We are a church whose unity is in Jesus Christ, who gathers us around word and water, wine and bread… Central to our worship life is the presence of God through word and sacrament. The word proclaimed and the sacraments —both Holy Baptism and Holy Communion — are called the means of grace. We believe that Jesus Christ is present in these means through the power of the Holy Spirit.  – Evangelical Lutheran Church in America, 2016


Holy Communion

Lutherans believe that Jesus Christ is truly present in the meal we call Holy Communion, among other names. We believe that at Christ’s Last Supper, he took the bread and commanded his disciples to “take and eat.” Likewise, he took a cup of wine, blessed it by giving thanks, and gave it for them to drink.

The bread or communion wafer is distributed to the congregation by the presiding minister at the front of our sanctuary. There is an ancient fourth-century tradition for communicants to make their hands into a “throne” for the King of kings. This “throne” is made by placing the open right hand upon and across the left hand (forming a cross). Both hands are then used to bring the bread to the mouth.

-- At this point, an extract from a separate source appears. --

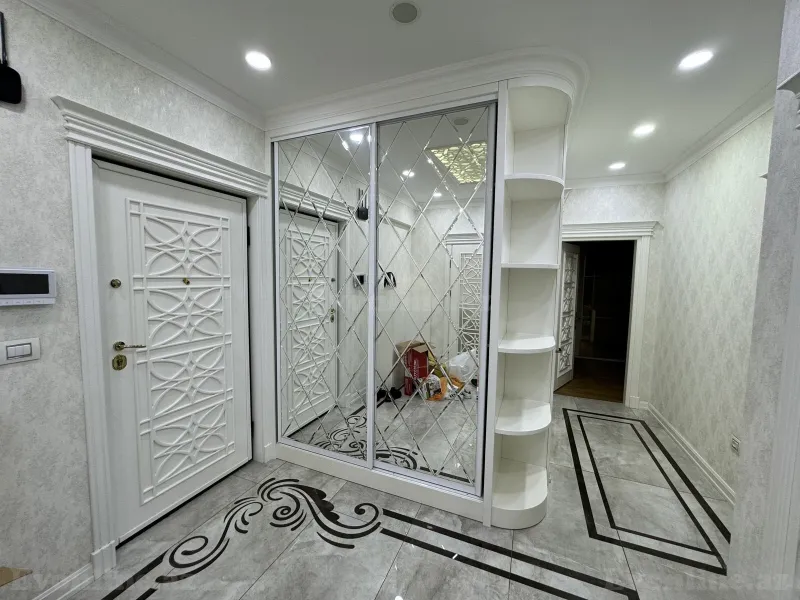 Kirayə verilir 3 otaqlı Mənzil Yeni tikili 140 m² Xətai r. - şəkil 9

The wine is distributed in one of two ways: individual cups or by Intinction, the process of receiving the bread or host and dipping it into the wine. Wine and grape juice are offered – wine is red, grape juice is golden.

All baptized persons (including children) are welcome to receive Holy Communion at Solomon’s altar. If you would prefer to simply receive a blessing instead of communion, please keep your hands folded in an “X” as you come forward.



Baptism is a significant part of our faith journey as we come from the baptismal waters to live a new life as children of God.

Our baptism sets us out on a lifelong journey that is characterized by our relationship to God, our relationship to our faith community, our relationships in our community and the wider world. Living our baptismal covenant means living a life of growth in the faith practices of discipleship.

The liturgy for the Affirmation of Baptism describes the faith practices that grow out of our baptism (Evangelical Lutheran Worship, page 236). We are to “…live among God’s faithful people; hear the word of God and share in the Lord’s Supper; proclaim the good news of God in Christ through word and deed; serve all people following the example of Jesus; and strive for justice and peace in all the earth.”

Confirmation is a re-affirmation of the saving work God has done already in Holy Baptism.  It has been our congregational practice to confirm young persons as members of Christ’ Church on Reformation Sunday, (The last Sunday in October) during their freshmen year of  high school.  Confirmation typically happens after completing 2 years of instruction from Martin Luther’s Small Catechism during grades 7-8. Adults who have not been confirmed or were raised in non-Lutheran traditions should receive catechism (instruction in the faith) before becoming members of Solomon Church.